Mazor worked as a computer designer at Intel for 6 years, but in 1975 moved to Brussels, as an application engineer helping customers to use Intel products. When he returned home to California in 1976, he started his industry teaching career, in which he has been active the past 25 years. Stan interested in teaching because learned about it from the excellent SFSU teachers, especially professors Frank Sheehan and Frank Williams. Teaching in industry is quite different than college--no grades, 1 week classes, and students are customers.
Some interesting teaching assignments took him to South Africa, Stockholm, and Nanjing. Since China was quite exotic and different than California in the early 80's, he enjoyed his trip to Nanjing the most.
His recent hobbies are cooking and castle design. He particularly likes Norman style castles and French cooking. When Stan was on his assignments in Europe and Asia, he had a chance to learn about other cooking styles and building architecture. He also took a class in making "Peking" style duck.

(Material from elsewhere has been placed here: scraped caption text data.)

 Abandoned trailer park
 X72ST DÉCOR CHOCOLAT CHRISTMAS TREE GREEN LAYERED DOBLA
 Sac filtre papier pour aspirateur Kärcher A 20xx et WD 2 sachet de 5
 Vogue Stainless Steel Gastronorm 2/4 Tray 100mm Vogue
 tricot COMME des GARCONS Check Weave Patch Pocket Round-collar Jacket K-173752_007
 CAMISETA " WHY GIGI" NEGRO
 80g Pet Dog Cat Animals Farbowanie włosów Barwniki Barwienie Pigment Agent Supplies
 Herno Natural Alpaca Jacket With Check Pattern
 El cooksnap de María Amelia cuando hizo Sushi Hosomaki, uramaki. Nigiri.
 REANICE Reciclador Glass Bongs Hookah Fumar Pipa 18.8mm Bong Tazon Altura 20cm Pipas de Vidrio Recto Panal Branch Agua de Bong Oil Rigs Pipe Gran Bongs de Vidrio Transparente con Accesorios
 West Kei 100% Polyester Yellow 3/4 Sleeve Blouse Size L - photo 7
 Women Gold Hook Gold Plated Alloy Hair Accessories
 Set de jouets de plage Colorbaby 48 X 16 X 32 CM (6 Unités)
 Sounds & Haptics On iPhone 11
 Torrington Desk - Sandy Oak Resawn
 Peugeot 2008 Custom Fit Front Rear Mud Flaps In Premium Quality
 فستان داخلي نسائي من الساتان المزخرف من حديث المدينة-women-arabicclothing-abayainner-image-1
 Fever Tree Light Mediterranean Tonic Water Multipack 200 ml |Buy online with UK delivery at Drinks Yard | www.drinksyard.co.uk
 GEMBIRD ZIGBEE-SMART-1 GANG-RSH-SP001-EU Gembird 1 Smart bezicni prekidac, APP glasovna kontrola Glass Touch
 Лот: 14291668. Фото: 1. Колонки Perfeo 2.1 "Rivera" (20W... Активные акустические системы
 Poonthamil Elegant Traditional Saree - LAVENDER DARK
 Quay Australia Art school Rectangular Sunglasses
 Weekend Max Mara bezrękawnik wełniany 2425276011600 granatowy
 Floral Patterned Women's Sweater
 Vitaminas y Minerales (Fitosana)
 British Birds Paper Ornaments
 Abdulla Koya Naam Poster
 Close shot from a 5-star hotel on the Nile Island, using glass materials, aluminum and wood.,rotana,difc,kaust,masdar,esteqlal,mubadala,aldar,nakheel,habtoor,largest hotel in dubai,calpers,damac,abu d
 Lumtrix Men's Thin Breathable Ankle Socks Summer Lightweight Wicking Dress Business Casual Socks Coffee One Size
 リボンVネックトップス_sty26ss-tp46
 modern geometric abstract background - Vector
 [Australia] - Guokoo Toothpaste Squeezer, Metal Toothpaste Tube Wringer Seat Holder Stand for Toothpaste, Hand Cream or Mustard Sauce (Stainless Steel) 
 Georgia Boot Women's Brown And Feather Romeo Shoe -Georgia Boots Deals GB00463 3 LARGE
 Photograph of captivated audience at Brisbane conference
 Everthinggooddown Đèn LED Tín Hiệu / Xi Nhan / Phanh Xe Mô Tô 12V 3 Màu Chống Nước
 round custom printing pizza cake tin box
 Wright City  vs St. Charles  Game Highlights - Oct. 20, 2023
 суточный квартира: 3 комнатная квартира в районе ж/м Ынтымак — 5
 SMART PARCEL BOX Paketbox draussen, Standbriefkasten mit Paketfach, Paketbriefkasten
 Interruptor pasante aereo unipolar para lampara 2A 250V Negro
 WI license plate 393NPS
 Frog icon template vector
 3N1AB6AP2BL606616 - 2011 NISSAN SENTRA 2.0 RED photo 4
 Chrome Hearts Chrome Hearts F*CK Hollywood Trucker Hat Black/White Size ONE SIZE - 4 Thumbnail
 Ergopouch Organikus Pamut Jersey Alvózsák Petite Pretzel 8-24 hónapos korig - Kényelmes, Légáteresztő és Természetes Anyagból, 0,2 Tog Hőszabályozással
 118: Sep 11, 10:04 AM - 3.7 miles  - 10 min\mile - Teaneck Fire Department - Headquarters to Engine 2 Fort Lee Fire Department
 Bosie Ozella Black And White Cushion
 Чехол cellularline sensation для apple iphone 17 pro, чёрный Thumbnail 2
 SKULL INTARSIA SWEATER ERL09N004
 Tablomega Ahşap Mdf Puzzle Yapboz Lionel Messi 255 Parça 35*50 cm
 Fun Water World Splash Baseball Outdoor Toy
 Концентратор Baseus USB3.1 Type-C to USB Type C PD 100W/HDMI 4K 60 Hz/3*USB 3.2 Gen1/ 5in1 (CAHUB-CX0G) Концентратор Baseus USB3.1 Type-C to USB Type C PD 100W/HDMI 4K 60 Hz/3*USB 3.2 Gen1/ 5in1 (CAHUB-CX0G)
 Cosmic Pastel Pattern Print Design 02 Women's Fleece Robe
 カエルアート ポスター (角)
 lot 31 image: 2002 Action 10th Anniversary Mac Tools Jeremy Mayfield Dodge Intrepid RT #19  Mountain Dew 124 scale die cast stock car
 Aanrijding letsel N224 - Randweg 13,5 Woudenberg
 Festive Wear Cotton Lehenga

Stan and Maurine have two sons who are both musicians. Mike lives in NY and plays jazz and Mark lives in Concord and plays trumpet.
Although Mazor and his teammates, M. Hoff and F. Faggin, worked on the first microcomputers 25 years ago, they have recently been given some recognition including: The Inventor's Hall of Fame, The Ron Brown Award, and the Kyoto Prize. They are glad that their chips have been useful and hopefully improved the quality of life, and they appreciate the recognition they received. He thought that it was nice to recently be inducted into the SFSU Alumni Hall of Fame.